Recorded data

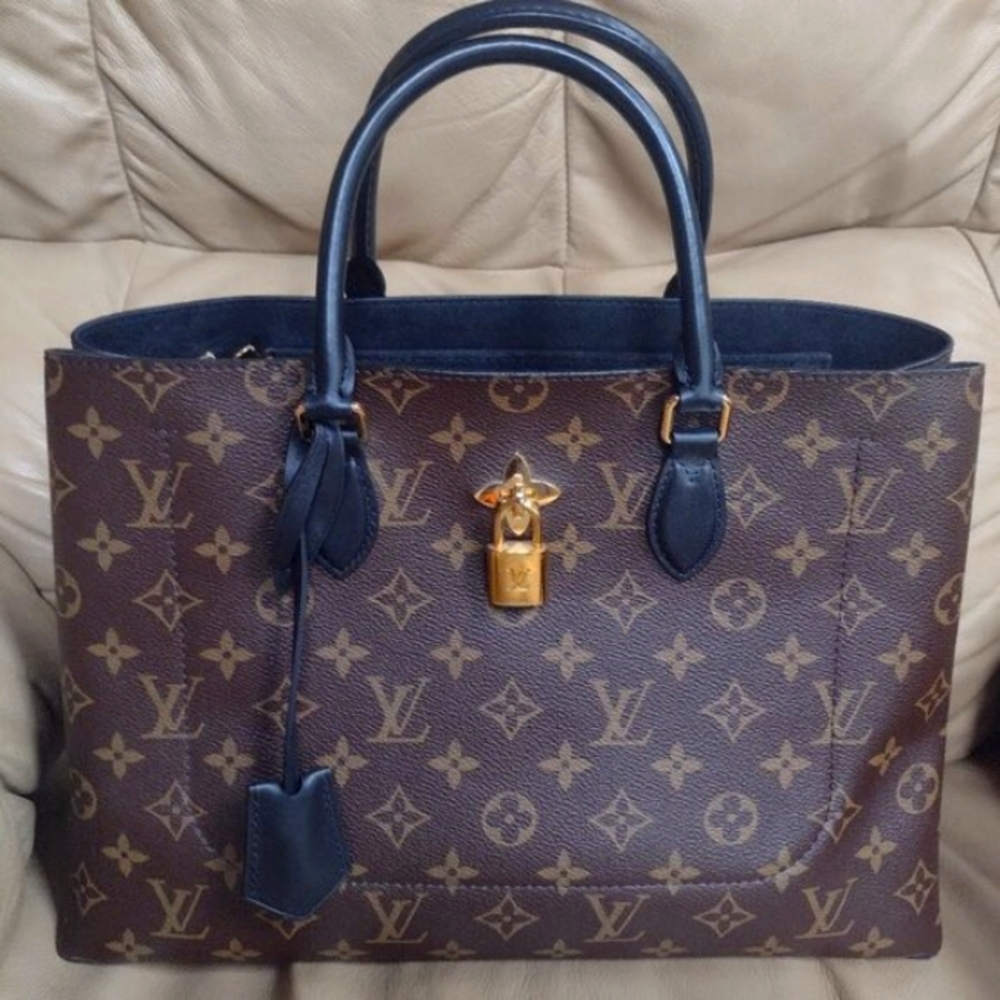 Authentic RARE & Retired Louis Vuitton Noir Flower Shoulder Bag🖤🤎 - Picture 4 of 16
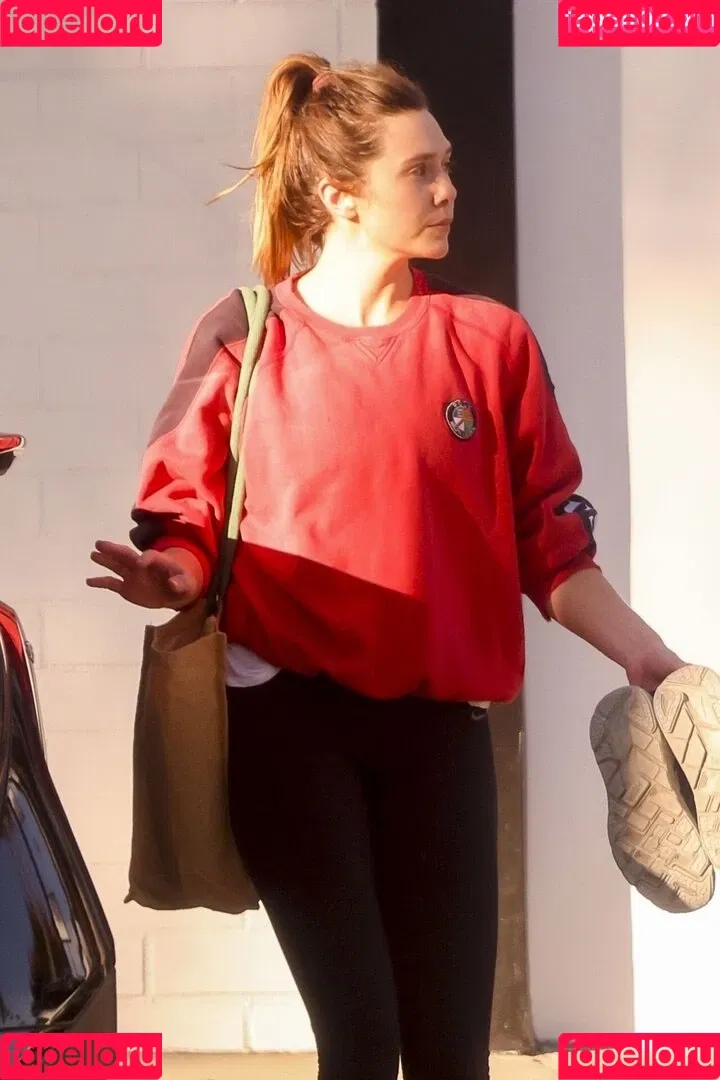 Elizabeth Olsen / elizabetholsendaily / lizabeth_olsen Onlyfans Photo Gallery 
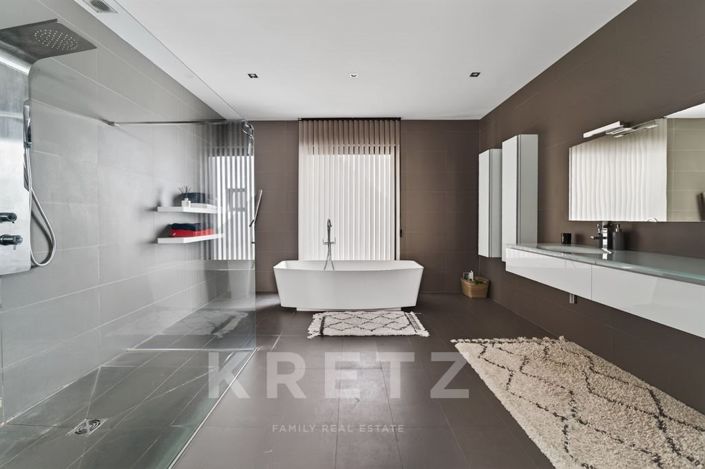 Image No.13-5 Bed House for sale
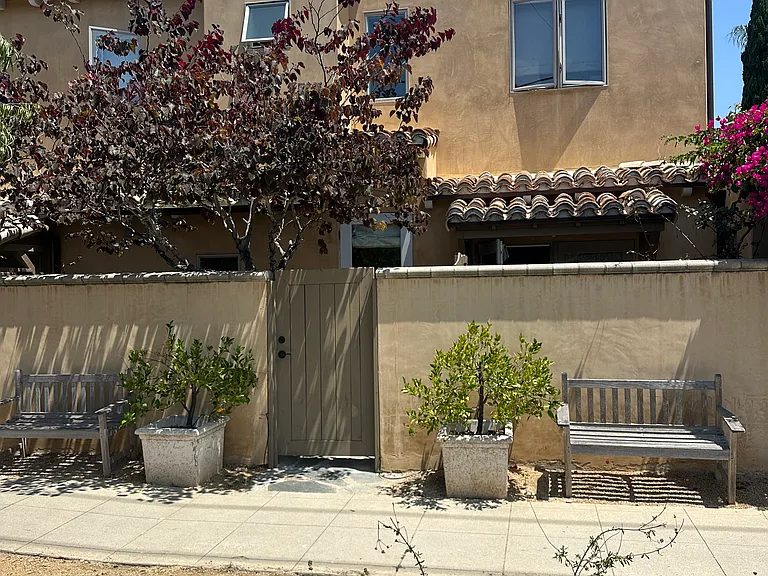H Ave — Photo 14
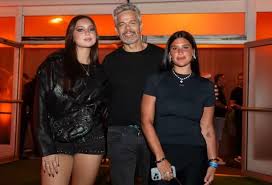 Arquivo de Filha de Otaviano Costa e Flávia Alessandra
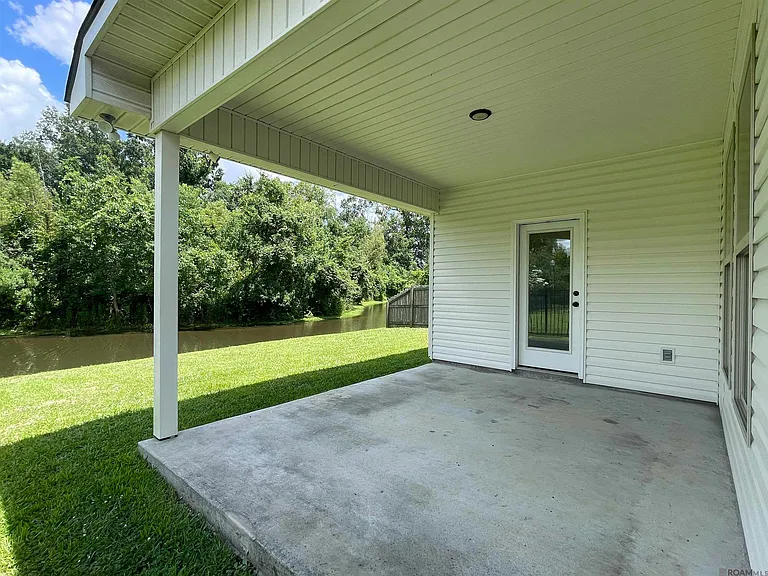 1303 Hickory Creek Dr — Photo 28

- What to produce: Could you set down nothing but the lines from the one containing "Image No.13-5 Bed House for sale" through the last line of the records above, both ends included, exactly as given and free of pictures?

- Output of the task:
 Image No.13-5 Bed House for sale
H Ave — Photo 14
 Arquivo de Filha de Otaviano Costa e Flávia Alessandra
 1303 Hickory Creek Dr — Photo 28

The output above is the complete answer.